Within the context of funding, the Nigerian academies, particularly the SSAN, have enjoyed research grants ranging from $10,000 to over $500,000 from international foundations like the McArthur Foundation, Ford Foundation, Rockefeller Foundation, Carnegie Corporation of New York, International Labour Organisation, et cetera to conduct research found to be highly beneficial to the science discipline, Arts and the Nigerian political economy.
Not much has come solely from local sources except from NISER, the Federal Ministry of Science and Technology and the National Action Committee on Aids. When the foreign donors found that local funding was meagre and the results of research largely benefitted the Nigerian economy, they started cutting back, expecting local donors to fill the gap, but this was not so. When eventually most foreign donors shifted attention to poorer African countries, most of the academies started crumbling and research efforts were comatose. It was President Goodluck Jonathan’s government that ordered N5,000,000.00 annual support for the academies through the Ministry of Science and Technology and that kept the academies alive while it lasted.
In a typical fashion, President Muhammadu Buhari’s government killed the hope of survival of the academies. But it is not just the academies, education as a sector suffered fatalities at the hands of the Buhari government. For example, an annual budget highlights the priority areas of a government. At the time Buhari took over governance in 2015, budget allocations to education were hovering around 10 to 11 per cent of the budget and this was against the 26 per cent recommendation by UNESCO. The budgetary allocations to education fell continuously during the Buhari administration and ended with just 4.52 per cent at its exit in 2023.

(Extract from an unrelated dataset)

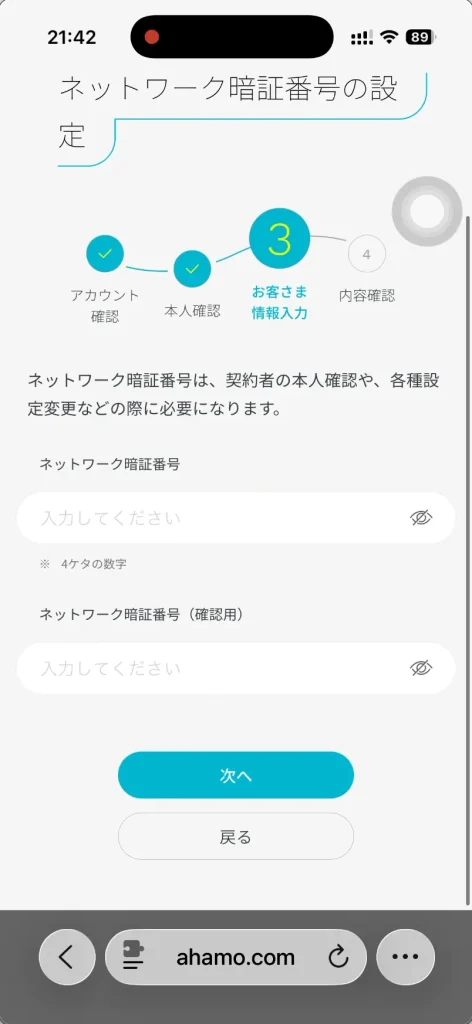 ahamo申し込みネットワーク暗証番号。 ネットワーク暗証番号の設定。
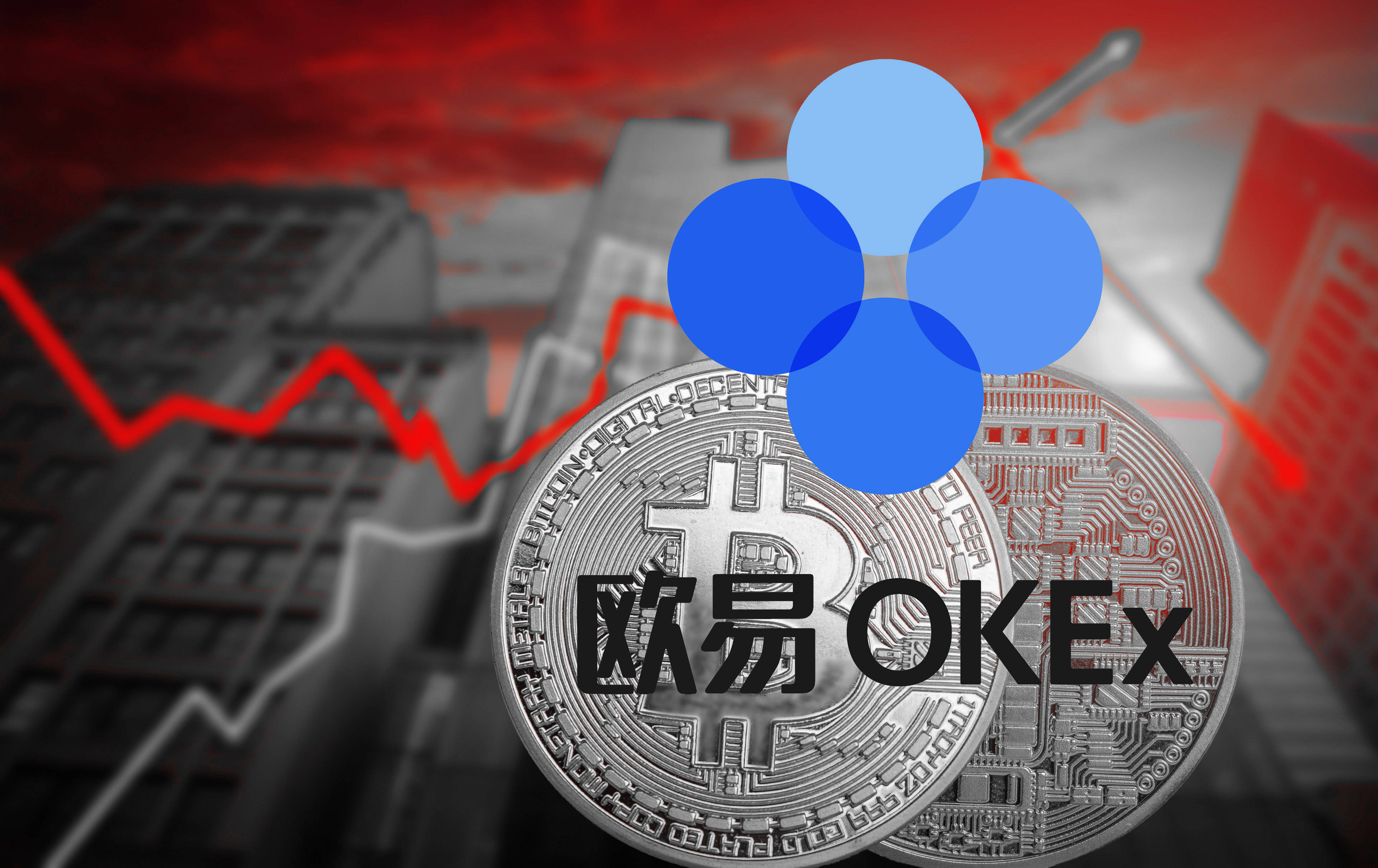 欧交易所app官网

Today, many of the academies that used to compete with their peers around the globe are shadows of their former selves due to inadequate funding for research; the hallmark of their existence. Some are virtually dead and others, like the SSAN, appear once in a while when they are able to mobilise funds for some events like the General Assembly. The theme of this year’s SSAN General Assembly is on the economic, social and political foundation of democratic governance. It will involve a guest lecture and a conference for paper presentations. Hopefully, the Federal Government will remember these academies when fulfilling their promises to promote education, and the country’s multibillionaires will also set up foundations to fund research in the spirit of those abroad. Research is the bedrock of education which itself is the bedrock of economic development.